RECORDED INFORMATION —
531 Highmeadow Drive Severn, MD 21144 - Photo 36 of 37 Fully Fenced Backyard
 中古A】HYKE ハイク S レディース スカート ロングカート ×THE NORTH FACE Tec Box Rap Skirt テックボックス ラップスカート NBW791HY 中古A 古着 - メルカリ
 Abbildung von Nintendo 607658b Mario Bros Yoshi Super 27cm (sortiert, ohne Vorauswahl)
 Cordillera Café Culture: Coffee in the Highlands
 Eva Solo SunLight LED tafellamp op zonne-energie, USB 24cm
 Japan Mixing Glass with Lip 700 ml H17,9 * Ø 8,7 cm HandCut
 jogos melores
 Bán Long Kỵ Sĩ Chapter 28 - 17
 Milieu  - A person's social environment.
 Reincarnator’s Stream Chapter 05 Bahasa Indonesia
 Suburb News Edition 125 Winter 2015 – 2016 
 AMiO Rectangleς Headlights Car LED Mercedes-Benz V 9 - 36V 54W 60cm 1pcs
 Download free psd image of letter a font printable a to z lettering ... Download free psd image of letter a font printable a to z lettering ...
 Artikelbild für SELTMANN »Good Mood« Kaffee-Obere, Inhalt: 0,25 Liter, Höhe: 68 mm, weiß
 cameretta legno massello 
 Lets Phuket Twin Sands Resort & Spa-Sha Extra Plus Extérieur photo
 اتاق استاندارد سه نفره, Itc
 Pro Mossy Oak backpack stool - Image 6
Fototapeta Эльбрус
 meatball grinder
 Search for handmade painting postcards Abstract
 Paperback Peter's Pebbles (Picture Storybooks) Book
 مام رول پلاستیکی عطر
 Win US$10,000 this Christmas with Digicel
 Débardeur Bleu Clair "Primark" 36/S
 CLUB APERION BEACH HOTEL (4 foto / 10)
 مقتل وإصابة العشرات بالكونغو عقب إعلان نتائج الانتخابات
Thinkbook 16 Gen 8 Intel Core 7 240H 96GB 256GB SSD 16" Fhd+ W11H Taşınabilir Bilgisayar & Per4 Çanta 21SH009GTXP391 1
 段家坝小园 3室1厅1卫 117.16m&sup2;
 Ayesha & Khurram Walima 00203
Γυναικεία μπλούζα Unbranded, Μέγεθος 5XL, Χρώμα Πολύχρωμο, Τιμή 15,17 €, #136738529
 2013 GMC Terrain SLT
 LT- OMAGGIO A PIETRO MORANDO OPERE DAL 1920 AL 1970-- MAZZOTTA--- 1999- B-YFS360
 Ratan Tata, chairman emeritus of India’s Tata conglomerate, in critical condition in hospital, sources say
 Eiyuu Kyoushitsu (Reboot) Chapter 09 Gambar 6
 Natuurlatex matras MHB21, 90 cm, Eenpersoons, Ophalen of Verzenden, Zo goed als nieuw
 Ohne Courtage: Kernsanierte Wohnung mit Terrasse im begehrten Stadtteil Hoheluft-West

REQUIRED WORK — Please report every line among the entries that includes "with".

OUTPUT —
 Japan Mixing Glass with Lip 700 ml H17,9 * Ø 8,7 cm HandCut
 Win US$10,000 this Christmas with Digicel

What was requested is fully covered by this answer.